The Board Issues a Demurrage Policy Statement

            On April 30, 2020, the Board issued a Statement of Board Policy explaining the principles the Board will consider in evaluating the reasonableness of demurrage and accessorial rules and charges.  Policy Statement on Demurrage and Accessorial Rules and Charges, EP 757 (STB served April 30, 2020).  This policy statement was finalized following a notice of proposed statement of Board policy issued in October 2019 and a public comment period.  The Board noted that it is not making any “binding determinations” with the policy statement, and that the Board will continue to adjudicate specific cases based on all facts and arguments presented.  Id., slip op. at 3.

            The policy statement states that “the overarching purpose of demurrage is to incentivize the efficient use of rail assets (both equipment and track) by holding rail users accountable when their actions or operations use those resources beyond a specified period of time.”  Id., slip op. at 4.  That period of time must be “reasonable,” and charging demurrage for “delays attributable to the rail carrier” is “unreasonable.”  Id.  The Board further stated that “demurrage rules and charges may be unreasonable when they do not serve to incentivize the behavior of shippers and receivers to encourage the efficient use of rail assets.”  Id., slip op. at 21. The Board declined the invitation by some rail users to impose “prescriptive actions” on rail carriers beyond the regulatory actions taken in Ex Parte 760, Demurrage Exclusion Final Rule, and Ex Parte 759, Demurrage Billing RequirementsId., slip op. at 7.

            The policy statement addresses various demurrage-related issues that were raised before the Board.  First, the policy statement discusses demurrage free time— “the period of time allowed for a rail user to finish using rail assets and return them to the railroad before demurrage charges are assessed.”  Id., slip op. at 8.  The Board explained that in Ex Parte 754, Oversight Hearing on Demurrage & Accessorial Charges, rail users expressed concerns about certain carriers’ “recent reductions in free time.”  Id., slip op. at 9.  The Board stated that it “continues to have serious concerns about the adverse impacts of reductions in free time to rail users” and that in some circumstances, which would need to be examined on an individual basis, “such reductions may not be reasonable.”  Id., slip op. at 10.  The policy statement further notes the Board’s concern that free time reductions in certain circumstances could “jeopardize important goals of the nation’s rail transportation policy by rendering freight rail service less likely to meet the needs of the public” and potentially “less competitive with other transportation modes.”  Id.  The policy statement acknowledges that reductions in free time could be justified in certain circumstances, such as if technological advances make compliance with shorter time frames “reasonably achievable.”  Id., slip op. at 11.  In sum, regarding free time, the Board stated that “it will closely scrutinize demurrage rules and charges where free time has been reduced, or where no credit days have been provided.”  Id.

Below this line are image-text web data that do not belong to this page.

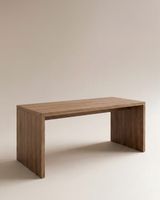 mesa de comedor de madera maciza en tono envejecido de 200x75cm
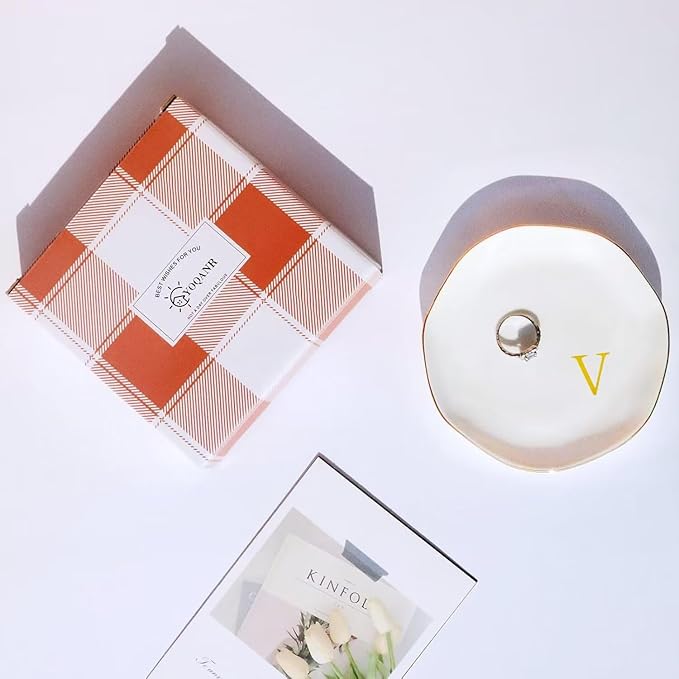 Ceramic Jewelry Tray Initial Ring Dish Personalized G-Monogrammed Engagement Wedding Gifts, for Birthday Mother's Day Christmas for Women, Ceramic White 4.75" (V)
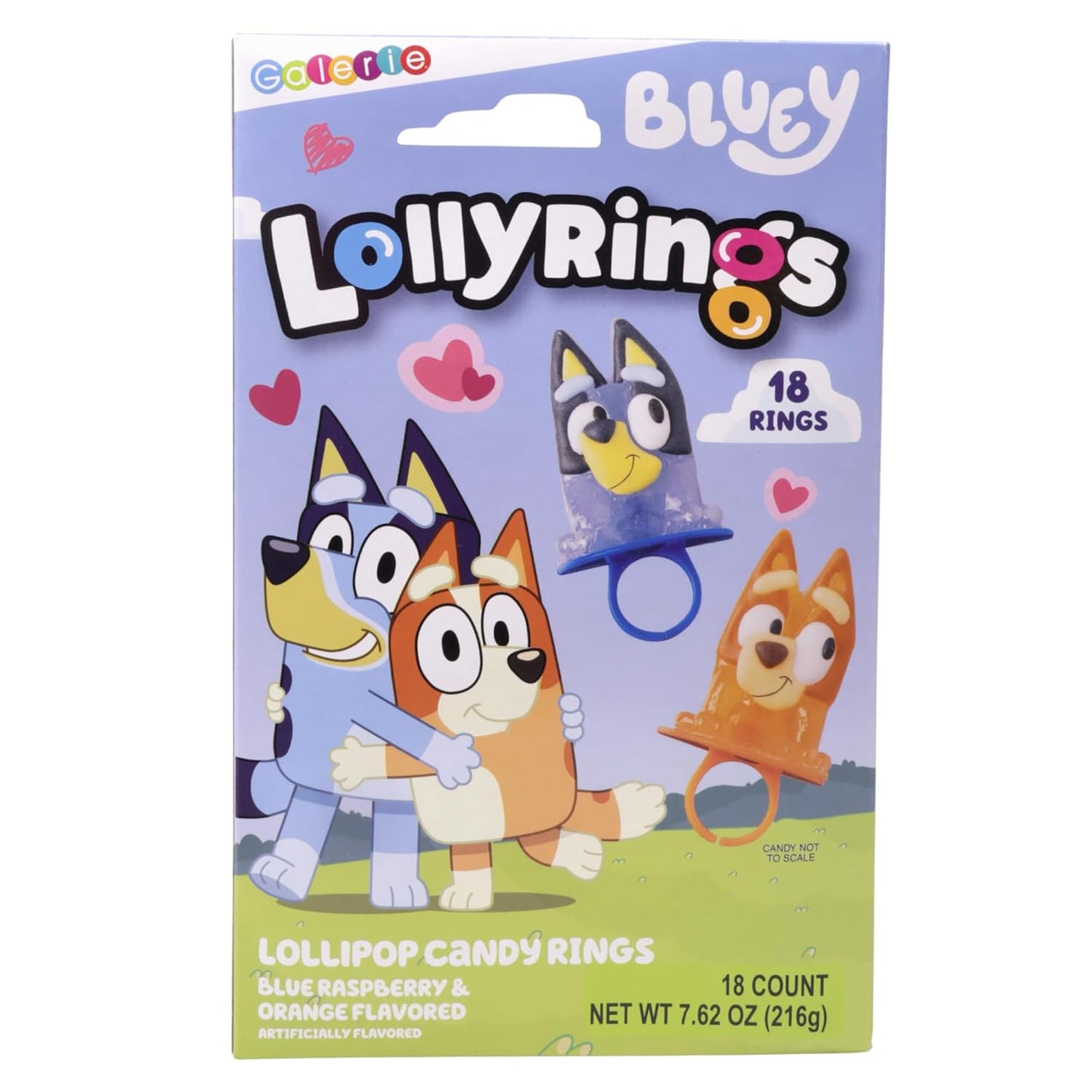 Bluey Lollipop Rings Orange & Blue Raspberry Flavored Candy 18 Count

            Another issue the policy statement addresses is bunching.  Id., slip op. at 11-13.  The policy statement explains that “bunching should be addressed on a case-by-case basis in order to permit the Board to properly consider all relevant circumstances pertaining to an assessment of demurrage.”  Id., slip op. at 11.  The policy statement further expresses the Board’s view that “carriers should consider the actions of upstream carriers when administering their demurrage rules and charges.”  Id., slip op. at 12. 

            Regarding accessorial charges, the policy statement clarifies that “insofar as the purpose of an accessorial charge is to enhance the efficient use of rail assets in the same way as demurrage, the principles discussed in the policy statement would generally apply.”  Id., slip op. at 14.  The Board also clarified that its references in the policy statement to accessorial charges were intended to encompass only the accessorial charges of the type intended to enhance efficient use of rail assets.  Id.

            Next, the policy statement discusses overlapping charges—additional charges “for claimed customer-caused congestion or delay.”  Id.  The Board explained in the policy statement that, in adjudicating a specific case, “it would have significant concerns about the reasonableness of a tariff provision that sought to impose an overlapping charge intended to serve the same purpose as demurrage, or a charge arising from the assessment of demurrage for congestion or delay that is not within the reasonable control of the rail user to avoid.”  Id.  But, the Board stated, it would be “open to evidence and argument” in an individual proceeding that such a charge was reasonable.  Id.

            The policy statement states that the Board heard various concerns over the processes for disputing demurrage charges and with the lack of information (or inaccurate information) on demurrage invoices.  Id.  The policy statement explains that “[t]ransparency, timeliness, and mutual accountability are important factors in the establishment and administration of reasonable rules and charges for demurrage.”  Id., slip op. at 15.  The policy statement encourages Class I carriers to provide at a minimum a specific list of information related to demurrage and explains that the Board “expects rail carriers to bill for demurrage only when the charges are accurate and warranted . . . and to send invoices on a regular and timely basis.”  Id., slip op. at 16.  Regarding the dispute resolution process, the policy statement encourages rail users and carriers to make use of streamlined formal dispute resolution procedures that already exist both at the Board and elsewhere.  Id., slip op. at 17.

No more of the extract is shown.